## THE PROBLEM
Each line below should be repeated exactly as written, with no pictures carried over.

## EXERCISE DATA
--
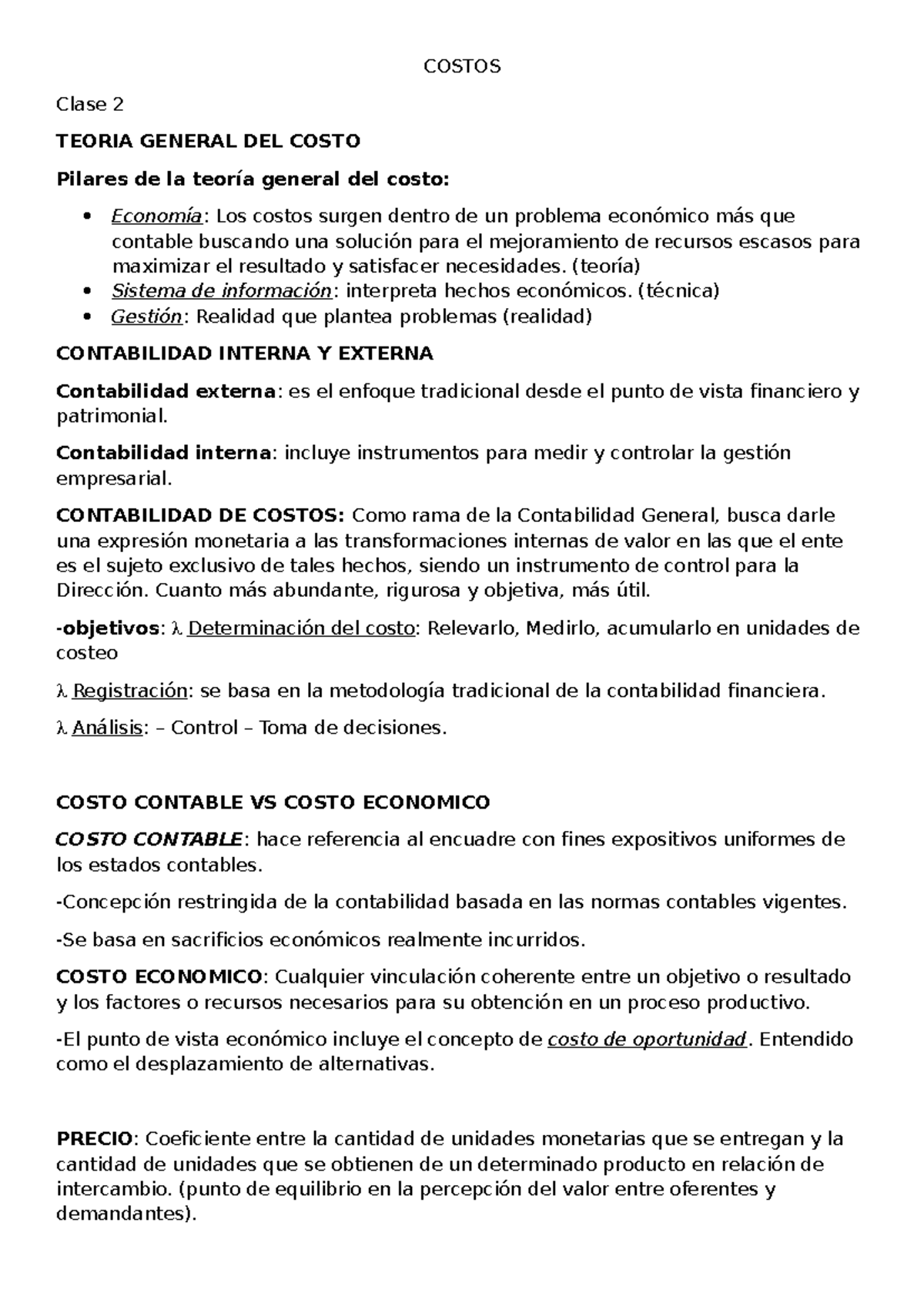 COSTOS Clase 2: Teoría General del Costo y Componentes Clave - Studocu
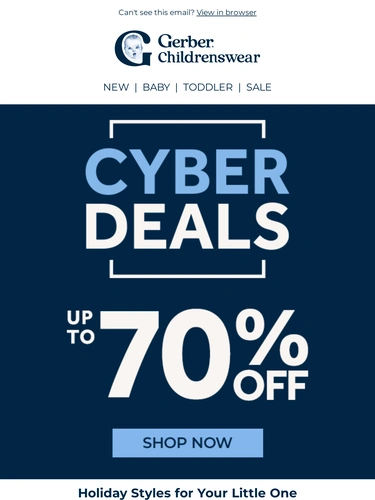 Gerber Childrenswear Sale Announcement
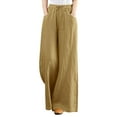 thumbnail image 1 of Women's High Waisted Wide Leg Pants - Fashionable Drawstring Elastic Trousers for Daily Wear, 1 of 5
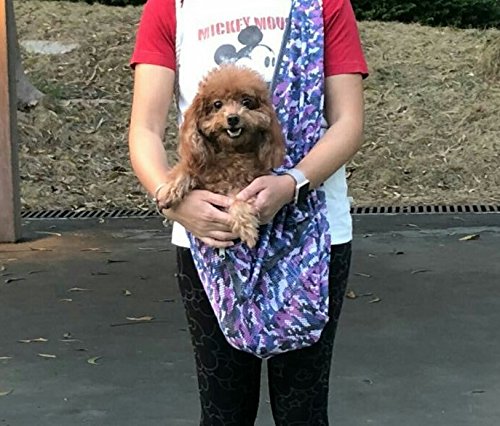 Foldable Mesh Dog Cat Carrier Crossbody Sling Bag Small Size -Ideal for Pets Below 5kgs /11 lbs-Camouflage Purple - PawsPlanet Australia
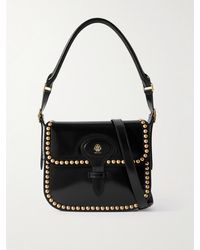 Bally - Beckett Flat Medium Studded Glossed-Leather Shoulder Bag - Lyst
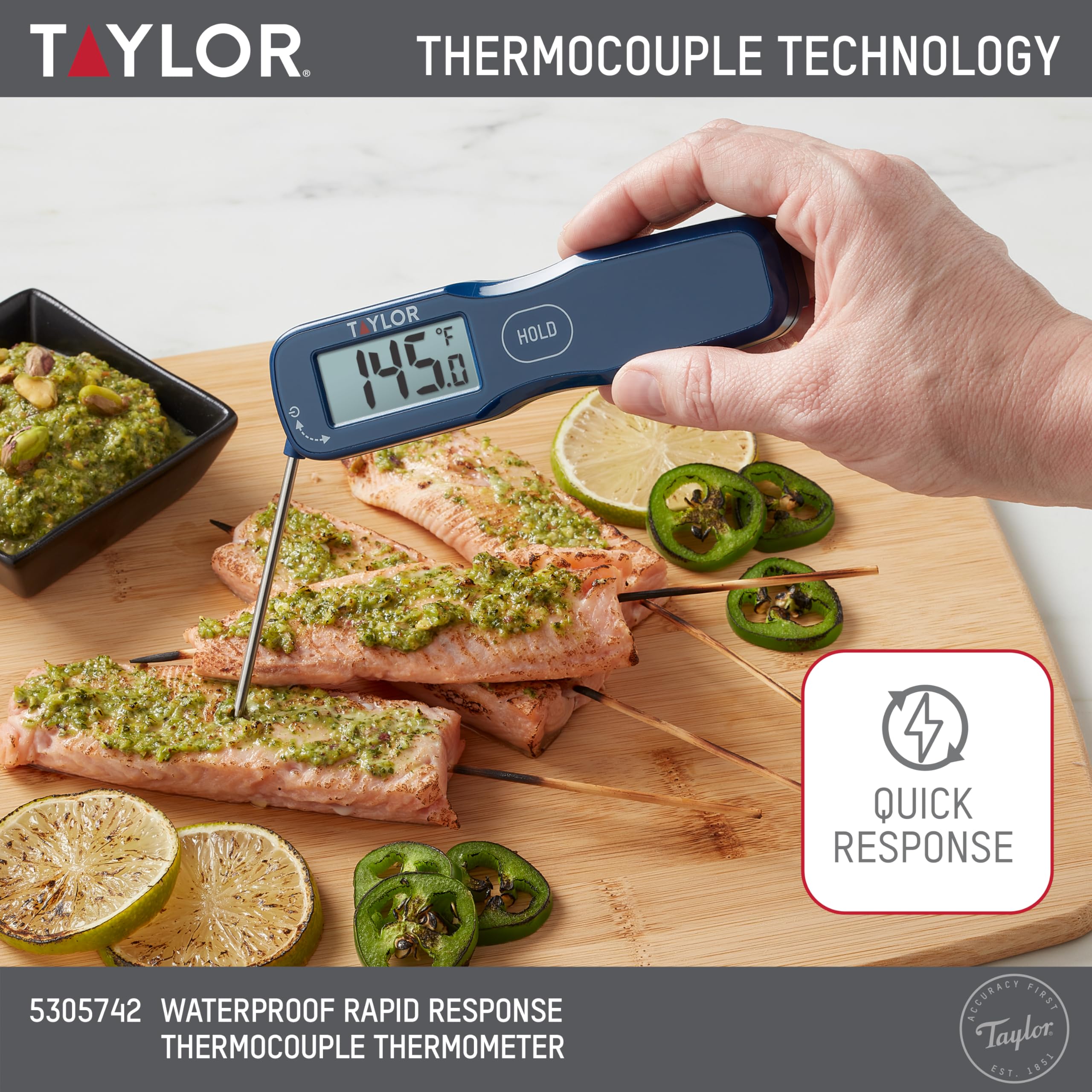 Taylor Termómetro digital impermeable de respuesta rápida plegable para alimentos, termómetro de lectura instantánea para carne, barbacoa, cocina y cocina, color azul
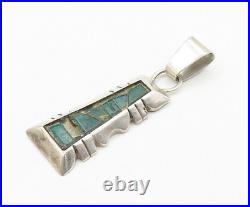 NAVAJO 925 Sterling Silver Vintage Antique Turquoise Drop Pendant PT15444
--
## RESPONSE
 COSTOS Clase 2: Teoría General del Costo y Componentes Clave - Studocu
 Gerber Childrenswear Sale Announcement
 thumbnail image 1 of Women's High Waisted Wide Leg Pants - Fashionable Drawstring Elastic Trousers for Daily Wear, 1 of 5
 Foldable Mesh Dog Cat Carrier Crossbody Sling Bag Small Size -Ideal for Pets Below 5kgs /11 lbs-Camouflage Purple - PawsPlanet Australia
 Bally - Beckett Flat Medium Studded Glossed-Leather Shoulder Bag - Lyst
 Taylor Termómetro digital impermeable de respuesta rápida plegable para alimentos, termómetro de lectura instantánea para carne, barbacoa, cocina y cocina, color azul
 NAVAJO 925 Sterling Silver Vintage Antique Turquoise Drop Pendant PT15444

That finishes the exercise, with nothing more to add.